“The idea had taken hold of me that I needed nothing so much as a cabin in the woods — four rough walls, a metal roof that would ping under the spring rain and a porch that looked down a wooded hillside.”

Thus begins Lou Ureneck’s second nonfiction book, “Cabin: Two Brothers, a Dream, and Five Acres in Maine.” Like “Backcast,” Ureneck’s 2007 work that won the National Outdoor Book Award, “Cabin” is reaping well-deserved recognition.

It’s the story of how Ureneck and his younger brother, Paul, built a post-and-beam cabin on a hillside in western Maine. They did most of the building in winter, contending with drifts of snow and a storm that knocked over part of the structure.

But “Cabin” is much more than a builder’s account of a hands-on project in the Maine woods. Ureneck is 56 when he sets out to turn his dream into reality. At that point in time, he’s been hospitalized for a potentially serious heart ailment. His mother, the mainstay of his childhood, is recently deceased. And he’s still conflicted over his divorce 10 years earlier.

“I was looking for something,” he writes, “that would put me back in life’s good graces.

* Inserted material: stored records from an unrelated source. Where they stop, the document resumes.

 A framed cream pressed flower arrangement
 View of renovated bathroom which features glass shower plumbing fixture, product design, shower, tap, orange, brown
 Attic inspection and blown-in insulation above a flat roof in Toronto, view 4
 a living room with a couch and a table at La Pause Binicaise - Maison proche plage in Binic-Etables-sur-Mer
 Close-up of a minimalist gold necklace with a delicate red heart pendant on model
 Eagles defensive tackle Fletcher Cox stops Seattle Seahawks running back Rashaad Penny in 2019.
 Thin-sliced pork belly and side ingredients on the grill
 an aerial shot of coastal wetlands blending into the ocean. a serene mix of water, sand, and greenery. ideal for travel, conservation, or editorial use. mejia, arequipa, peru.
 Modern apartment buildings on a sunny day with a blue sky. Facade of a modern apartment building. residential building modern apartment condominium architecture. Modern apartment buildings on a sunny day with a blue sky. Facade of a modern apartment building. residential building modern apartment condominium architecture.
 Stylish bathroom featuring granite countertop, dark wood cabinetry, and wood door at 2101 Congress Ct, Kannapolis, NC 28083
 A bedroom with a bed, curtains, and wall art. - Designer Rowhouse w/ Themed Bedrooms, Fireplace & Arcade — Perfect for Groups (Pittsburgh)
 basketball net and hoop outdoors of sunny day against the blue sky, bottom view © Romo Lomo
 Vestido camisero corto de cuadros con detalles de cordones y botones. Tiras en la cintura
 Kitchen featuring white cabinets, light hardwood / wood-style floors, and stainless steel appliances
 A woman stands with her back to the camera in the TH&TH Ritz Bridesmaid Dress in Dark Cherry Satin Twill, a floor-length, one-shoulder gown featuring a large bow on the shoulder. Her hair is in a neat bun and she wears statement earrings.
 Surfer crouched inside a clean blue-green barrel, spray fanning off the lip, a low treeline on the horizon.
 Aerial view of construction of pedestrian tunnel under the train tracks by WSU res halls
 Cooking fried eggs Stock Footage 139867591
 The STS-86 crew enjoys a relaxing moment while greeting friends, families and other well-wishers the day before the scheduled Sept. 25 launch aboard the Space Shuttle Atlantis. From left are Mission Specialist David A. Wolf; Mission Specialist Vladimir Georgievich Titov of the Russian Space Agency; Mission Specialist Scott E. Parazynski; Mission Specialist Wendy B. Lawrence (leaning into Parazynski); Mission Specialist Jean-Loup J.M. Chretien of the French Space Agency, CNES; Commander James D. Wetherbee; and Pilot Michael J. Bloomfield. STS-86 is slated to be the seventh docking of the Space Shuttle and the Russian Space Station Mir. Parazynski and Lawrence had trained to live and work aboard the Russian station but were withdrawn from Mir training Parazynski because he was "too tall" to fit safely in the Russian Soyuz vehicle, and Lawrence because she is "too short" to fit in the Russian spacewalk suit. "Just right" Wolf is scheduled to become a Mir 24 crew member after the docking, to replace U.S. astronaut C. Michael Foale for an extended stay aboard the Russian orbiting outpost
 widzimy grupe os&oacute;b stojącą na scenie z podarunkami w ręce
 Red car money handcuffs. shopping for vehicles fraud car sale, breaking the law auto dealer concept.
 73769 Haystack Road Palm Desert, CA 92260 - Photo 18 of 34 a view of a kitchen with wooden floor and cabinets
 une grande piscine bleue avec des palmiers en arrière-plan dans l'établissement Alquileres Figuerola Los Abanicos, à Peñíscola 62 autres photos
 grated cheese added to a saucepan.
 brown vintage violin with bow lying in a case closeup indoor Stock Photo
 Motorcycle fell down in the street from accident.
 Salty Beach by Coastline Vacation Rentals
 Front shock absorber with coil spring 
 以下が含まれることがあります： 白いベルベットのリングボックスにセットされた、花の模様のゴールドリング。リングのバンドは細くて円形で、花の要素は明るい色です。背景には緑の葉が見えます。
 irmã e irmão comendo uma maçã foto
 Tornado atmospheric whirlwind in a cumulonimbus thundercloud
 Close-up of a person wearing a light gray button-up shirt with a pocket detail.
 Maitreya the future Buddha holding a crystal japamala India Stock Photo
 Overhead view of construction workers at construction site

I wanted a project that would engage the better part of me, and the notion of building a cabin — a boy’s dream, really — seemed a way to get a purchase on life’s next turn. I won’t lie. I needed it badly.”

So building the cabin, a place to be enjoyed by two brothers and their extended families, becomes a metaphor for putting together a battered life in middle age. That approach gives Ureneck an opportunity to reflect on subjects familiar to readers.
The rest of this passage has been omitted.